» ASSIGNMENT
Send back the entries exactly as they were given.

» Caption-style text data

______

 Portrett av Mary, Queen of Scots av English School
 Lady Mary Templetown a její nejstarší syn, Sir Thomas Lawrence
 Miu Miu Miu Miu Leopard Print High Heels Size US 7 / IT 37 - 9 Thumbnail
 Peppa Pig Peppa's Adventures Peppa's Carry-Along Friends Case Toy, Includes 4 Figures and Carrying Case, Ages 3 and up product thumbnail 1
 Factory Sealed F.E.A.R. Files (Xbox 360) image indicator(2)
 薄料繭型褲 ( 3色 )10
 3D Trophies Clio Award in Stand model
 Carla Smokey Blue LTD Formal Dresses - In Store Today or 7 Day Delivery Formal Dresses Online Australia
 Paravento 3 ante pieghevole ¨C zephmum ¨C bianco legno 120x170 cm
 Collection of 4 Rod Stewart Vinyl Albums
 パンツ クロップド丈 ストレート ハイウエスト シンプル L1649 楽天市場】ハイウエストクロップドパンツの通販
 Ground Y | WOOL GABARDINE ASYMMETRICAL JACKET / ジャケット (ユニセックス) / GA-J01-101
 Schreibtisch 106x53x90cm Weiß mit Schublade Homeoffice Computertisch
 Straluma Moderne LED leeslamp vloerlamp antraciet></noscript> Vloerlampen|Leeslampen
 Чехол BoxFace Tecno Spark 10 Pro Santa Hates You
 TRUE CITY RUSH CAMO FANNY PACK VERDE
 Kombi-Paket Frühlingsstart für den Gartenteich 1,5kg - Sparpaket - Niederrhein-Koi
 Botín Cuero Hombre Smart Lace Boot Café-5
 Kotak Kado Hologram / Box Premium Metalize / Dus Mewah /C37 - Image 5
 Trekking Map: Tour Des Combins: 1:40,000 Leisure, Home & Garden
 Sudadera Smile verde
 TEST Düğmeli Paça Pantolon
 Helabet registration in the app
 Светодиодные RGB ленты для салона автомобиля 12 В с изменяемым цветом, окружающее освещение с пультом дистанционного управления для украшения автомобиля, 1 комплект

______

» THE COMPLETED TASK
 Portrett av Mary, Queen of Scots av English School
 Lady Mary Templetown a její nejstarší syn, Sir Thomas Lawrence
 Miu Miu Miu Miu Leopard Print High Heels Size US 7 / IT 37 - 9 Thumbnail
 Peppa Pig Peppa's Adventures Peppa's Carry-Along Friends Case Toy, Includes 4 Figures and Carrying Case, Ages 3 and up product thumbnail 1
 Factory Sealed F.E.A.R. Files (Xbox 360) image indicator(2)
 薄料繭型褲 ( 3色 )10
 3D Trophies Clio Award in Stand model
 Carla Smokey Blue LTD Formal Dresses - In Store Today or 7 Day Delivery Formal Dresses Online Australia
 Paravento 3 ante pieghevole ¨C zephmum ¨C bianco legno 120x170 cm
 Collection of 4 Rod Stewart Vinyl Albums
 パンツ クロップド丈 ストレート ハイウエスト シンプル L1649 楽天市場】ハイウエストクロップドパンツの通販
 Ground Y | WOOL GABARDINE ASYMMETRICAL JACKET / ジャケット (ユニセックス) / GA-J01-101
 Schreibtisch 106x53x90cm Weiß mit Schublade Homeoffice Computertisch
 Straluma Moderne LED leeslamp vloerlamp antraciet></noscript> Vloerlampen|Leeslampen
 Чехол BoxFace Tecno Spark 10 Pro Santa Hates You
 TRUE CITY RUSH CAMO FANNY PACK VERDE
 Kombi-Paket Frühlingsstart für den Gartenteich 1,5kg - Sparpaket - Niederrhein-Koi
 Botín Cuero Hombre Smart Lace Boot Café-5
 Kotak Kado Hologram / Box Premium Metalize / Dus Mewah /C37 - Image 5
 Trekking Map: Tour Des Combins: 1:40,000 Leisure, Home & Garden
 Sudadera Smile verde
 TEST Düğmeli Paça Pantolon
 Helabet registration in the app
 Светодиодные RGB ленты для салона автомобиля 12 В с изменяемым цветом, окружающее освещение с пультом дистанционного управления для украшения автомобиля, 1 комплект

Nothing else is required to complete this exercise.